INVESTIGADORES
AMADIO Ariel Fernando
congresos y reuniones científicas
Título:
Strategies for gap-closure of Thermus sp. 2.9 genome
Autor/es:
NAVAS L; AMADIO AF; ZANDOMENI RO
Lugar:
Oro Verde
Reunión:
Congreso; 3º Congreso Argentino de Bioinformática y Biología Computacional; 2012
Institución organizadora:
Asociación Argentina de Bioinformática y Biología Computacional
Resumen:
Extremophile organisms are of great interest due to their potencial as sources of proteins for biotechnological application. A thermophilic bacterium was isolated from a hot water spring in Salta, Argentina. Phylogenetic analysis indicated that it belongs to the Thermus genus. DNA sequencing was performed using Roche 454 technology to obtain the complete genome sequence. Two hundred and fifteen thousand non-paired readings were obtained totaling 81.238.046 pb and providing approximately 35-40 fold coverage of the genome size (estimated in 2Mpb).
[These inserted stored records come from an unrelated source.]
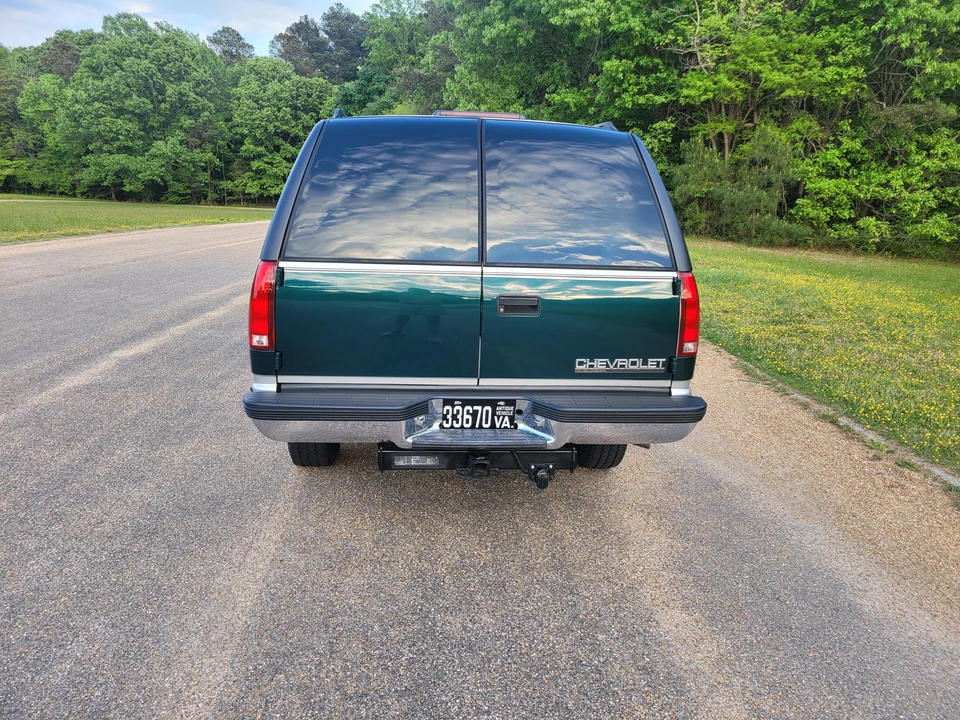 1997 Chevrolet Suburban 8th Gen - Image 11 of 24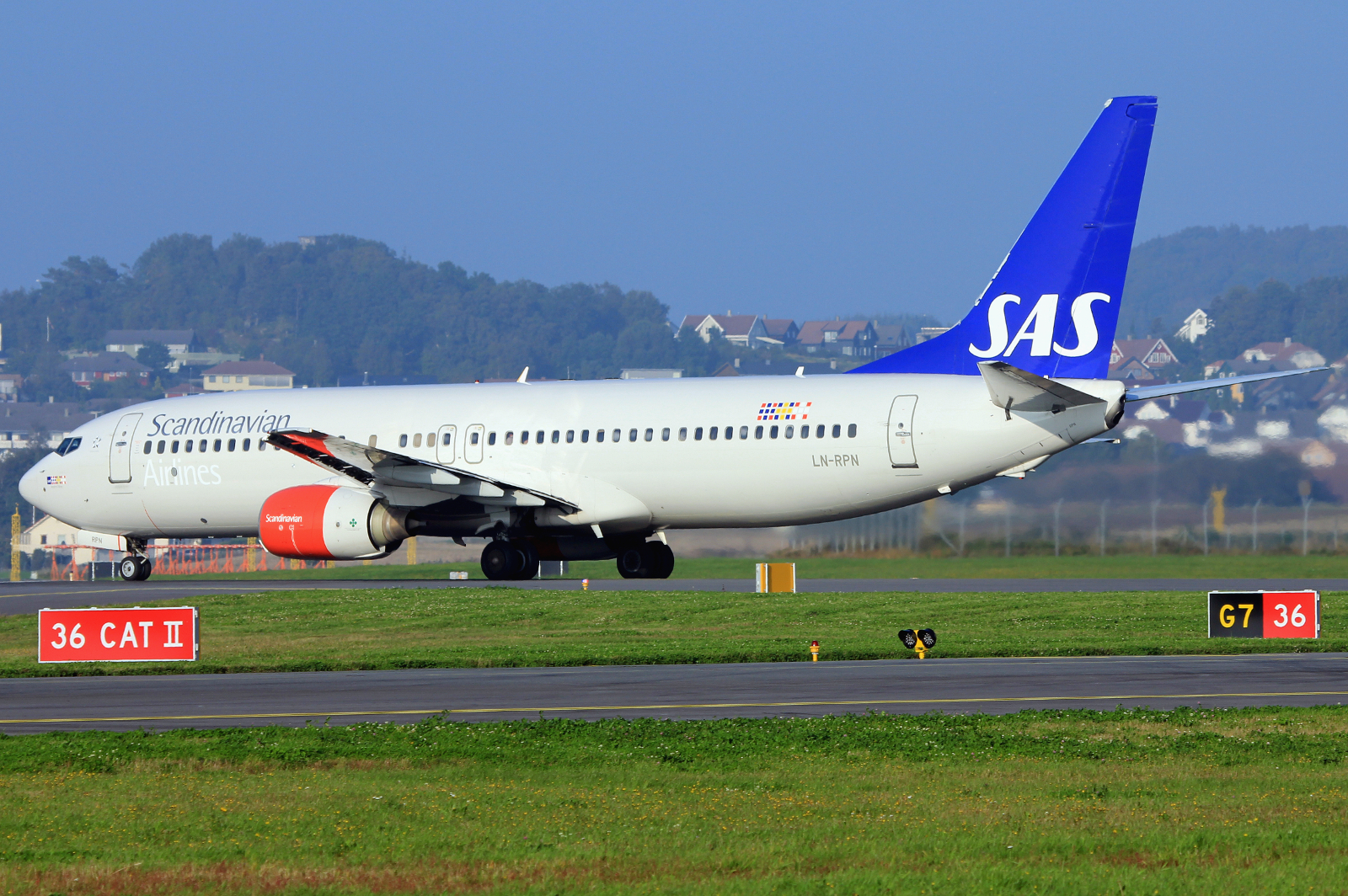 LN-RPN (30470) 2000 Boeing 737-883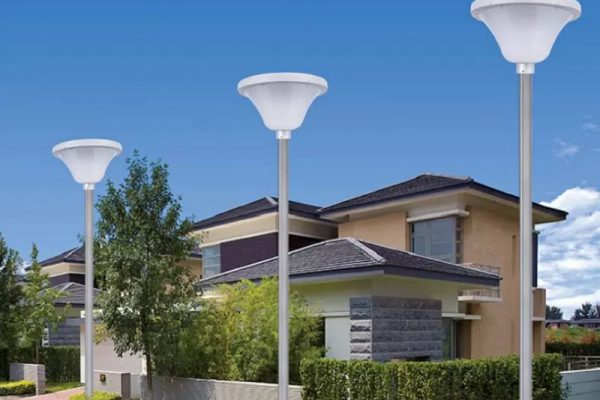 Several factors affecting the service life of solar street Light are analyzed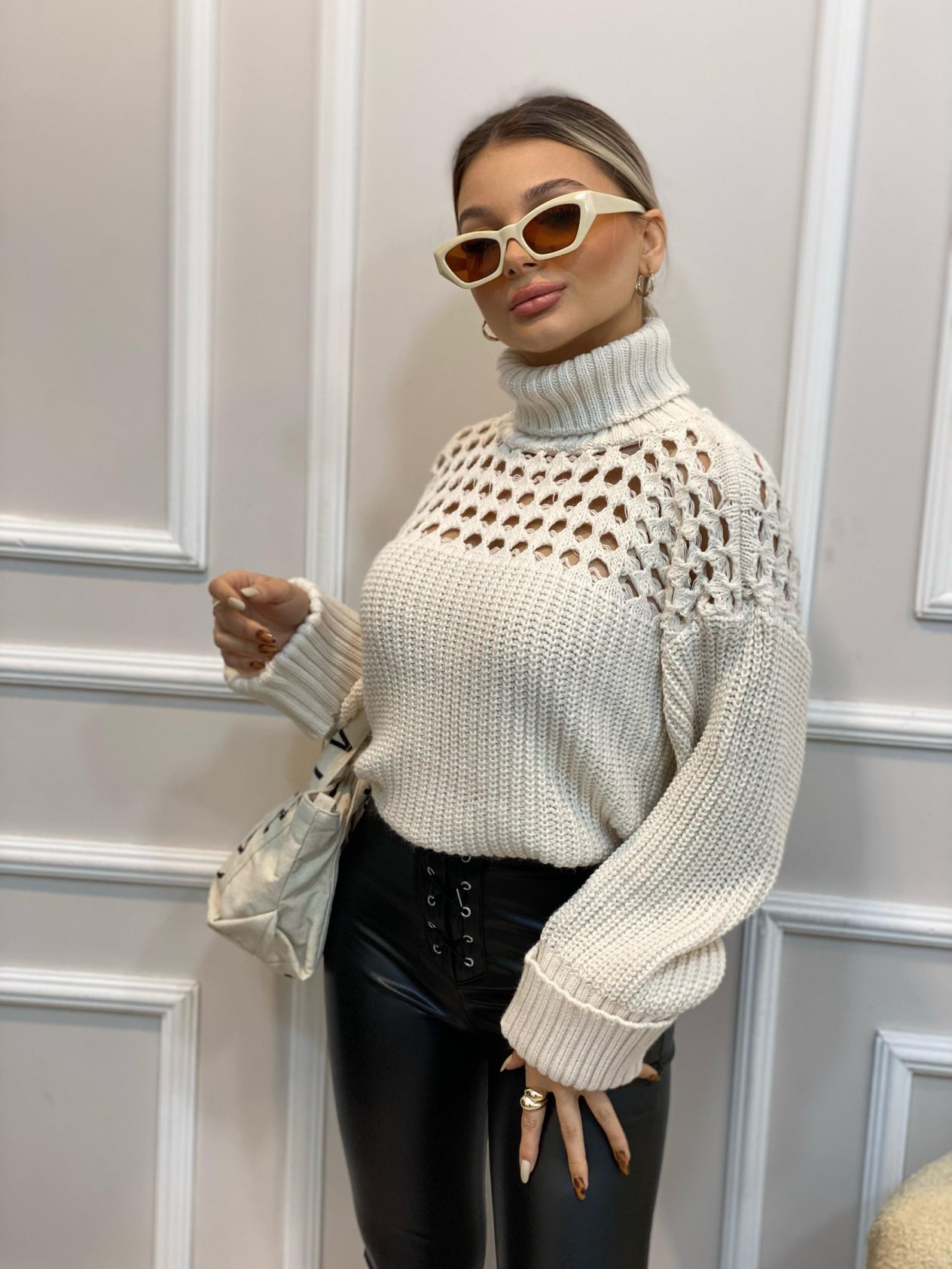 Bej Delikli Model Boğazlı Kazak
Reads were assembled de novo using Newbler (v2.3), which generated 137 contigs larger than 500 nucleotides and a N50 of 39.906pb. The G+C genome content resulted in 66.7%. Different bioinformatics strategies were used to predict the collinearity between contigs to finish the genome. First, synteny with two species of the Thermus genus were analyzed and compared to contigs from the isolate 2.9. A second strategy consisted in the generation of an optical map from Thermus sp 2.9 genome (OpGen, Sanger Institute) using the restriction enzyme NheI. It allowed comparing the restriction patterns of the whole genome with those of each contig generated in silico. Finally, a fosmid library (Epicentre) was generated with an insert size of 30-40Kb, and the ends of 150 clones were sequenced. All this approaches allowed the generation of scaffolds to order the contigs. As the result of these strategies 95 joins were predicted. Thirty two of them were confirmed by PCR and sequencing of amplified products. The average size of the sequenced gaps was ~1200 bp. Currently, we have 10 scaffolds which cover 98% of the genome. Following this strategy we were able to join several contigs, and order many of them. However, it is clear that obtaining one scaffold (or ideally one contig) is particularly complex for genomes with high GC content. To increase the information and get a finished genome, we are currently planning a mate-paired run with an insert size of ~8kb, aiming not only to join the 10 scaffolds, but also solve repetitive sequences of remaining contigs.